The BCS needs to quit letting others set the agenda and needs to go on the offensive with their own agenda. Here is one proposal:
- What is the real problem with the matchups created this season in the BCS bowls? No one knows how to evaluate all the unbeatens – is an unbeaten TCU better or worse than Cincy or Texas or Boise or ? And are they really better than any 1-loss teams out there?
- We don’t know how to evaluate these teams because the regular season is a failure – there is little/no meaningful cross-conference play. Imagine if TCU had had to play a couple SEC teams or Cincy a couple Big-12 teams and so on. Meaningful interconference play during the season would help bowl seeding dramatically.
- The NCAA let schools add a 12th game to their seasons a few years back – and rather than adding meaning interconference play, everyone has gone on a cupcake search. These games have added nothing to the quality of the sport. These games could and should be replaced with something more meaningful.
- The idea then: grab the 12th game back. Ask all schools to hold a weekend in mid-October open. At the end of the previous weekend’s play, seed all the FCS teams into meaningful interconference games. And have a grand mid-season interconference weekend full of meaningful games.

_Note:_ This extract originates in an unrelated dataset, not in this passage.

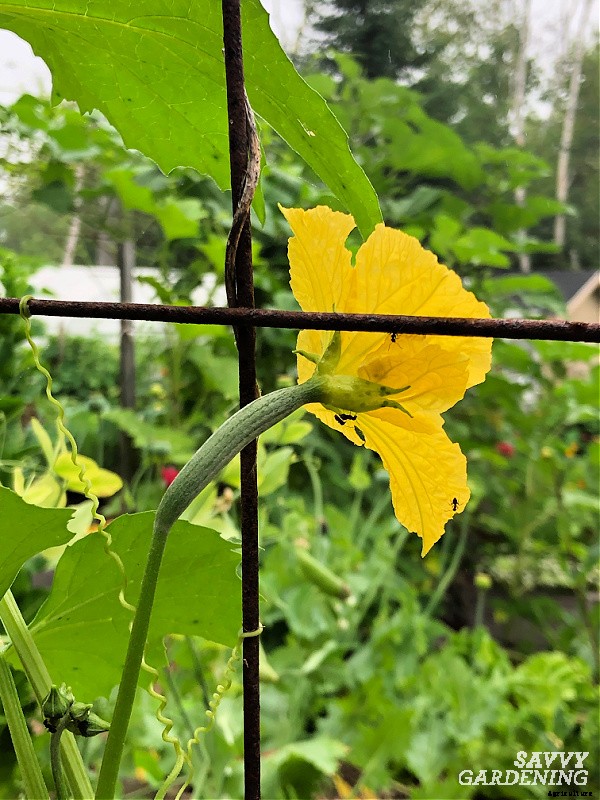Growing loofah gourds: Learn how to grow your own loofah sponges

- This would bring a level of excitement to the sport in October that would be unprecedented. A weekend of great games. The excitement of seeding announcements the weekend before. It would be an event on the scale of March Madness but unique to football in structure. It would be like a midseason Bowl season.
- We would hold off creating BCS ratings until after this weekend so that the ratings can benefit from the information learned in this weekend.

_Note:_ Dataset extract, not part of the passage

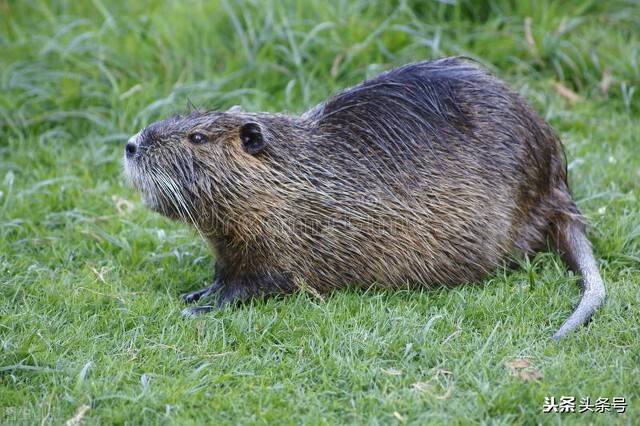 家鼠的种类有哪些,几种常见的家鼠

Rather than sitting back passively and being blamed as the bad guy ruining the sport, the BCS could go on the offensive with a proposal that would materially improve the sport. And it would maintain the character and history of the bowls, while improving the postseason matchups.
There are many ways the mid-season seeding could happen and there is no need to get caught up in our undershorts of any one system. A proposal below but the exact form doesn’t matter.

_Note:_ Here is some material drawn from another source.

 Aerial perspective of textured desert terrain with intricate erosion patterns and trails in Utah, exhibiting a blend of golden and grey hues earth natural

- Pick a weekend 6 weeks into the season – halfway point. All schools hold the weekend free for a game to be scheduled, and they agree to provide a playing facility every other year. Gate will be evenly split between schools, no one should care where a game is played. There is a debate to be had about games played on campus or at neutral sites, I have no strong position, there are good arguments for either.
- Scheduling is done completely blind of any rankings, human or computer. All that is considered is FBS conference rankings up to that point in the season.
- Conference standings are split in half – upper and lower. If you are in upper half, you will play an FBS team in the upper half of another FBS conference. Lower half, then opponent in lower half of another FBS conference. Seeding happens within these halves then.
- Unaffiliated teams are grouped with existing conferences for this exercise. ND with Big10, Navy and Army with BigEast, etc. A best estimate made of where they would rank in conference standing.
- The out-of-conference lineup rotates each year according to a known schedule.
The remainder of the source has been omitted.